Анатолий Мариенгоф (1897–1962) в истории литературы известен исключительно как имажинист и историк имажинизма. Юность он провел в городе Пензе, где развивал свой пензенский имажинизм вместе со школьным приятелем Иваном Старцевым.[4] По всей вероятности, юные пензенские поэты могли познакомиться с интервью вортициста Эзры Паунда по сборнику «Стрелец» в 1915 г.[5] В среде своих «зрелых» московских коллег-имажинистов Мариенгофа потом часто характеризовали как «рожденного с имажинизмом» или имажиниста par excellence.[6] Это отражается и в его дендизме, которым он выделялся среди друзей, хотя его «отточенные мужественные манеры» даже им самим воспринимались как остатки блеска декадентского дендизма Оскара Уайльда.[7]
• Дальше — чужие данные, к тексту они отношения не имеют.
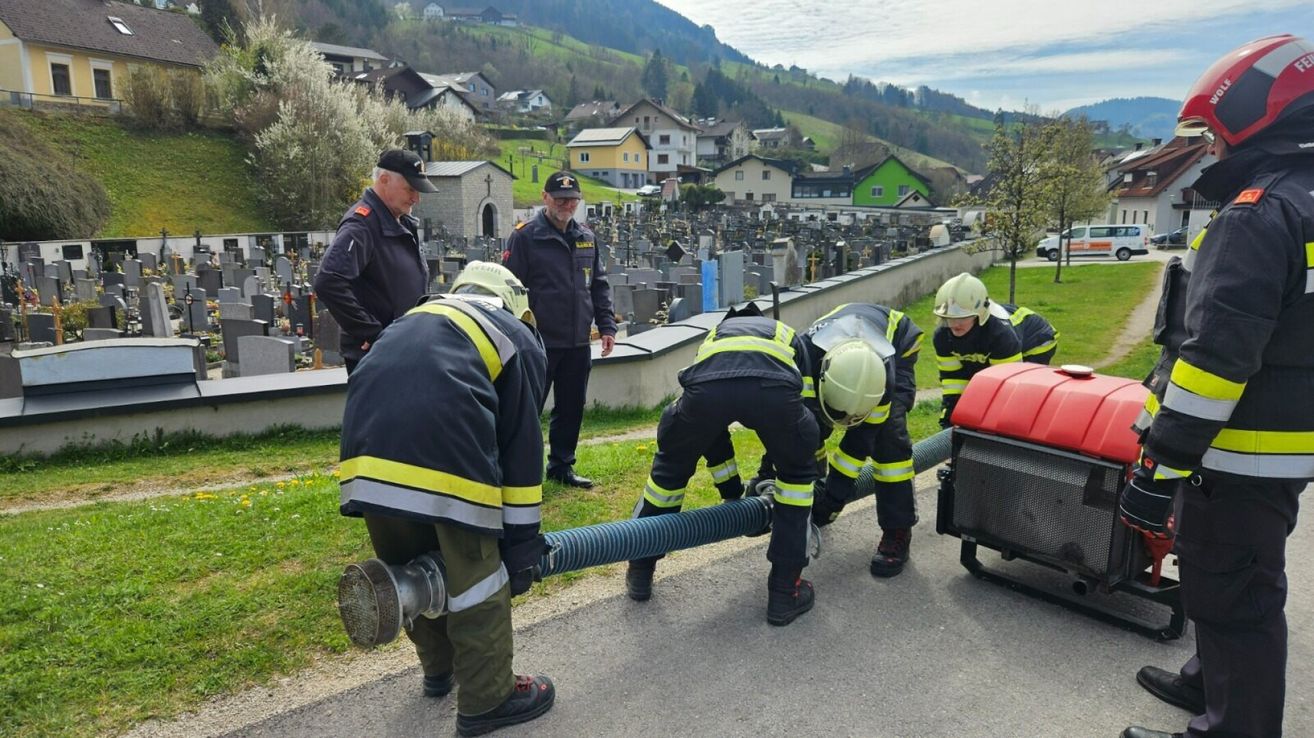 Feuerwehrleute arbeiten mit Schläuchen auf einem Friedhof. Zwei Feuerwehrleute sind gebeugt, zwei andere stehen in der Nähe und ein fünfter beobachtet.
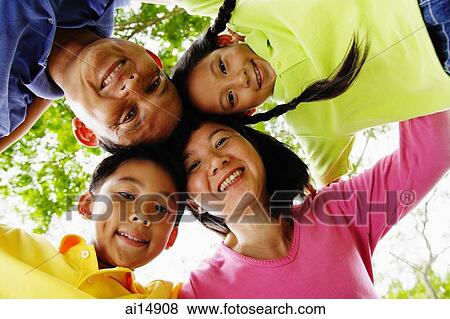 Family with two children, looking down at camera View Large Photo Image Stock Photo - Family with two children, looking down at camera. Fotosearch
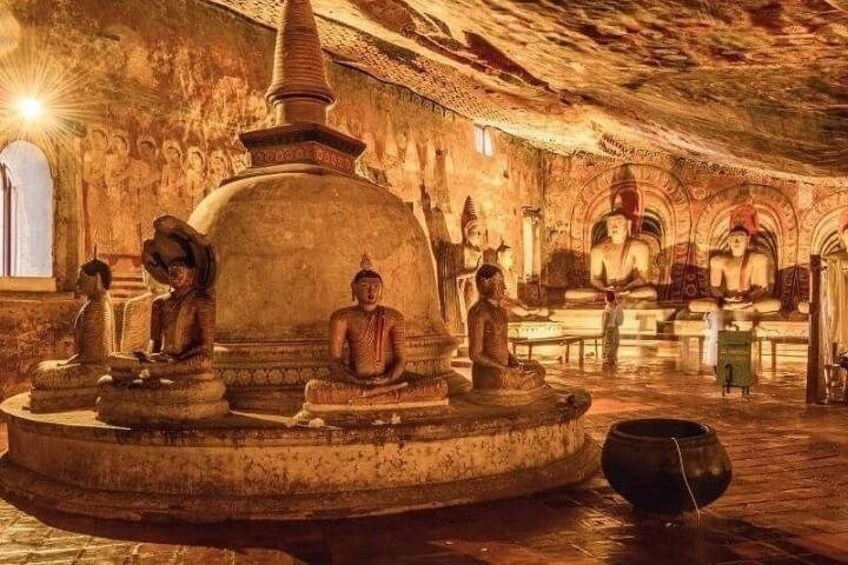 A cave temple with Buddha statues, a stupa, and intricate carvings. 3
Оскар Уайльд как поэтическая фигура, имморалист, эстет и денди играет особую роль в имажинизме. Его имя и реминисценции из его текстов встречаются во всех основных теоретических работах имажинистов. Вадим Шершеневич использовал в своей главной имажинистской теоретической работе «2x2=5» такую уайльдовскую формулировку как «искусство всегда условно и искусственно».[8] В статье «Буян-Остров» (1920) Мариенгоф усвоил концепцию Уайльда из предисловия к «Портрету Дориана Грея» (1891), где тот писал: «Нет ни нравственных ни безнравственных книг. Есть книги, хорошо написанные, и есть книги, плохо написанные. Только».[9] Мариенгоф повторяет эти слова, скрывая их за «старой истиной» и не указывая на источник: «Жизнь бывает моральной и аморальной. Искусство не знает ни того, ни другого».[10] А при удобном сочетании искусства (не знающего разделения на моральное — аморальное) и жизни (где это разделение существует) получается нечто третье — жизнетворческий и дендистский имморализм, т. е. осознанный индивидуалистский отказ от господствующих ценностей, который Мариенгоф перенимает у Уайльда. «Уайльдовщина» имажинистов была анахронизмом, запоздалой модой на эстетствующий дендизм начала века и на Уайльда, ставшего уже достоянием литературной истории после культа декадентов и многих лет «уайльдовщины» символистов. Мариенгофа неоднократно называли «пензенским Уайльдом»[11] и не только потому, что его жена, актриса Камерного театра Анна Никритина, играла роль пажа в пьесе Уайльда у Таирова. В имажинистском «театре жизни» Мариенгоф играл роль самого Уайльда. Имеет свои основания также упоминаемое в воспоминаниях современников внешнее сопоставление Саломеи из рисунков Обри Бёрдсли и жены Мариенгофа, но в такие биографические аналогии мы углубляться не будем. Пьеса Уайльда «Саломея» (1892) оказалась исключительно важным подтекстом для имажинистского творчества Мариенгофа. Революционная трактовка — отвлеченная и расширенная — воспринимается Мариенгофом положительно. С этой точки зрения неудивительно, что провозглашенный Уайльдом радикальный эстетизм повлиял на имажинистский журнал «Гостиница для путешествующих в прекрасном».[12]